3人の友が書物を

 

 黄色い1冊は、高校時代の同窓生が大学の講師を引き受けるために作った冊子です。水尾での同窓会の帰途、話題に出ましたから送ってもらったのです。4時間にわたって笑い転げさせてもらった張本人で、柔道では常連の国体選手でした。有名合繊メーカーに勤め、定年後を愉快に過しています。

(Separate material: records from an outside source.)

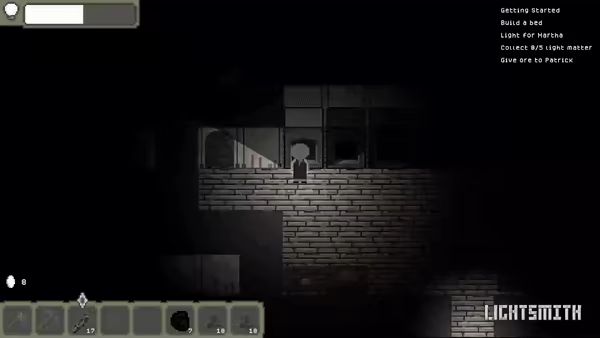 Lightsmith video 1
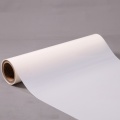 14mil Milkky White Mylar Film สำหรับการทำฉลุ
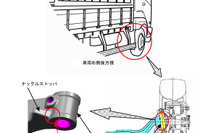 【リコール】三菱ふそう ファイター 走行不能となるおそれ 画像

 他の2冊は、東京の2人の友の手になるものです。素敵なイラストの1冊は、石油会社の社長などを歴任しながら続けた趣味の芸術活動を振り返ったいわば記録です。多くの作品が写真で収録されていますが、『夜のタイムス・スクエア』や『ウオールストリートの印象』の絵にしばし目を奪われました。私はタイムス・スクエアを訪れるたびに、馬鹿に賑やかなのに寂しげな雰囲気を感じていましたし、後者には砂上の楼閣を感じていました。砂上の楼閣はやがて崩れるに違いありません。

 残る1書は、企業を取り上げた名著で知られる新聞社に勤めていた友で、接してきた広報マンを題材にしたようです。その任にある者は、きっと誰しもが、会社をブッ潰しかねないような事実を隠し持っていたはずです。私はアパレル時代に広報の責任者も務めていましたから、その意味からも興味津々です。

 この3人をはじめ、私の友は、いずれもが定年後を生き生きと過しています。